[Items from a data source]
* * *
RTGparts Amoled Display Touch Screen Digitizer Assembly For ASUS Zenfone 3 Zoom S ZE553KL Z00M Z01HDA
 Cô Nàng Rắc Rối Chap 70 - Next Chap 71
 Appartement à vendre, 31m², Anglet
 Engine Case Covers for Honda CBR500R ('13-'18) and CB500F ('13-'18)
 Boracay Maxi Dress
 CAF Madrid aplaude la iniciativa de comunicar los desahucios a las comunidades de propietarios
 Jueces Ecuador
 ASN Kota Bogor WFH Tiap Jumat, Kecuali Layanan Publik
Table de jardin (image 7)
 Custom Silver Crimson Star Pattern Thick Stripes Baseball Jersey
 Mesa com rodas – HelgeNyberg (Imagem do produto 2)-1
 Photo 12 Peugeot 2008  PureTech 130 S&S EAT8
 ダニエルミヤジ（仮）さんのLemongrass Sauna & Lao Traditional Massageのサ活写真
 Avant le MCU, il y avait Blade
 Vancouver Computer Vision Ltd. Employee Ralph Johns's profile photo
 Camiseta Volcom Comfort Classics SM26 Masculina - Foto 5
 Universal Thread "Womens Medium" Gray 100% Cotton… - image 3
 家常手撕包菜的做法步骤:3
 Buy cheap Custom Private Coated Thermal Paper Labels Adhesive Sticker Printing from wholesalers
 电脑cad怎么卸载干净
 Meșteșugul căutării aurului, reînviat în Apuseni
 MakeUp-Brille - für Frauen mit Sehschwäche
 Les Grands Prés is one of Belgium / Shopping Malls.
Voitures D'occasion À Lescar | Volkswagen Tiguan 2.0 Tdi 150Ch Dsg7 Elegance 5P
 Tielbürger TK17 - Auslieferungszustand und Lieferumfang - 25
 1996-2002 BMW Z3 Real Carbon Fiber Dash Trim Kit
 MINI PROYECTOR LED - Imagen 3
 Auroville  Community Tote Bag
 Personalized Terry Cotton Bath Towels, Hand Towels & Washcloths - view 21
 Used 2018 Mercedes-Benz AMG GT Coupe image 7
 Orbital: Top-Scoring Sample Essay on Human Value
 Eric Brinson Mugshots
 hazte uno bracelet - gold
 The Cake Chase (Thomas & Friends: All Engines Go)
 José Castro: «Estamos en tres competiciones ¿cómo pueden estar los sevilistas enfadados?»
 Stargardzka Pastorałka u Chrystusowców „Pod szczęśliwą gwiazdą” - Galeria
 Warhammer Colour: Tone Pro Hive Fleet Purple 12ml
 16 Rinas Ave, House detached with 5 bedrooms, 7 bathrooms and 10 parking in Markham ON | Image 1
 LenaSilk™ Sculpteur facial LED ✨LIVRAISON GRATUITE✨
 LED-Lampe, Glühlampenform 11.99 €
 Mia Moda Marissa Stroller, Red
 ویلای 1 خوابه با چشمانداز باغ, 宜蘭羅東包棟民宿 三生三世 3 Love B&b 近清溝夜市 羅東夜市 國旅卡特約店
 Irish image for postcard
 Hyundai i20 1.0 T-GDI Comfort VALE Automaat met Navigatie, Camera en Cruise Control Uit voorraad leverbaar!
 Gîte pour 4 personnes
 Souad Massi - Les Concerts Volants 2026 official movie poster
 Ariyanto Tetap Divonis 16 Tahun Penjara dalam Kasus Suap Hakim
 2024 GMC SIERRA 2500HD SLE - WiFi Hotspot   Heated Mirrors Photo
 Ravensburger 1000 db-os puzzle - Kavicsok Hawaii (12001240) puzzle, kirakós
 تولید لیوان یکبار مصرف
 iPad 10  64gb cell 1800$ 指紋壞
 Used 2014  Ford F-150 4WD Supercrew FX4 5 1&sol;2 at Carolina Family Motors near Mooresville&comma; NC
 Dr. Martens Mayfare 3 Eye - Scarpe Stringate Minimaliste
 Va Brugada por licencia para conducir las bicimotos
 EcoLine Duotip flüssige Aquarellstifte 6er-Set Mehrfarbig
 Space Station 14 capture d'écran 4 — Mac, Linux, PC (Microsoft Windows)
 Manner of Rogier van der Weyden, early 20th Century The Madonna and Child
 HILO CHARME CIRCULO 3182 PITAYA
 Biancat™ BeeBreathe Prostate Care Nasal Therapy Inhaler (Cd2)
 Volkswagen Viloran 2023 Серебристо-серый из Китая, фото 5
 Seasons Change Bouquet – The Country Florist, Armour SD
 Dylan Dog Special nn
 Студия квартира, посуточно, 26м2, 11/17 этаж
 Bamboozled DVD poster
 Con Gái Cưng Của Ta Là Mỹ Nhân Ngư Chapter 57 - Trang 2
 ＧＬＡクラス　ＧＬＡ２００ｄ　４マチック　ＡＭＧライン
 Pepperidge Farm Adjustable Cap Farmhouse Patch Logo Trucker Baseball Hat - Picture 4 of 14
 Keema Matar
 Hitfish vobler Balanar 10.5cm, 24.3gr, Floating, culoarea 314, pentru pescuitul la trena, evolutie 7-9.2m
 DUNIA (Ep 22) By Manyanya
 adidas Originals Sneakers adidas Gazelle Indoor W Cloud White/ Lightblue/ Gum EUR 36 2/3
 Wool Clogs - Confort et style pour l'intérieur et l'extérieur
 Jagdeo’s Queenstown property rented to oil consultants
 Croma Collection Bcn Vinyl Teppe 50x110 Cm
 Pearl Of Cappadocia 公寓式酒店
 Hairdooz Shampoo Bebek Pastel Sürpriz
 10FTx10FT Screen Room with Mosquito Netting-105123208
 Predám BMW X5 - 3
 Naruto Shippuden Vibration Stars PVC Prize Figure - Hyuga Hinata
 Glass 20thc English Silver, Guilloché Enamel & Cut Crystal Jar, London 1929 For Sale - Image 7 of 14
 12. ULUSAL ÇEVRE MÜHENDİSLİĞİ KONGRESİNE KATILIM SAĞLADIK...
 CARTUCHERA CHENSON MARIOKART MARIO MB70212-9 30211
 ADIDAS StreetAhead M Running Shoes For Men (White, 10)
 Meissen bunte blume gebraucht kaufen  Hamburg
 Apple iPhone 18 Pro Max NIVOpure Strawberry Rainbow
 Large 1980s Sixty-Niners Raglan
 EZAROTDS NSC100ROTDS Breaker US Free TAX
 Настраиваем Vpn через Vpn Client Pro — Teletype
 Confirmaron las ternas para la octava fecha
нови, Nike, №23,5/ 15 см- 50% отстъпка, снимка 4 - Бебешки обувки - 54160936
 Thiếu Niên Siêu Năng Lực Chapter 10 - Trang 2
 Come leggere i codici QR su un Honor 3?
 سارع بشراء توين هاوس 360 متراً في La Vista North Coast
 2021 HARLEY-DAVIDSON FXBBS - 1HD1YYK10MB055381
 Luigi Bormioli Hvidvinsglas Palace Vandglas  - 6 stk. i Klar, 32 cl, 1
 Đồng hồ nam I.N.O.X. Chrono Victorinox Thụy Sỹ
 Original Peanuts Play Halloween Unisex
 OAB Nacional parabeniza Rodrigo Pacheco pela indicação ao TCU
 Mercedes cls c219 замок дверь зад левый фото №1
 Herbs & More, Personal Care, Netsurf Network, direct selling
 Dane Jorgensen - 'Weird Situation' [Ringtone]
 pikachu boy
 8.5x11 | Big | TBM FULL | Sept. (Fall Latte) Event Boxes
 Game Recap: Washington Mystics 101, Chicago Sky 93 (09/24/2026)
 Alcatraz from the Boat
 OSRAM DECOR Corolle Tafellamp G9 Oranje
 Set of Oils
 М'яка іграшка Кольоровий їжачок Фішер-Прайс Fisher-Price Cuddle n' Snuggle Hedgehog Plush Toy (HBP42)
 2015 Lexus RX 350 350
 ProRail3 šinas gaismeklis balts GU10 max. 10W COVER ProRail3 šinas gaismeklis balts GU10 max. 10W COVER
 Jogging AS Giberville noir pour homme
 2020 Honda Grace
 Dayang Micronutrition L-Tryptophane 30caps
* * *
● Work request: Each line of the entries above that has the word "poster" is to be copied.

● Exercise response:
 Souad Massi - Les Concerts Volants 2026 official movie poster
 Bamboozled DVD poster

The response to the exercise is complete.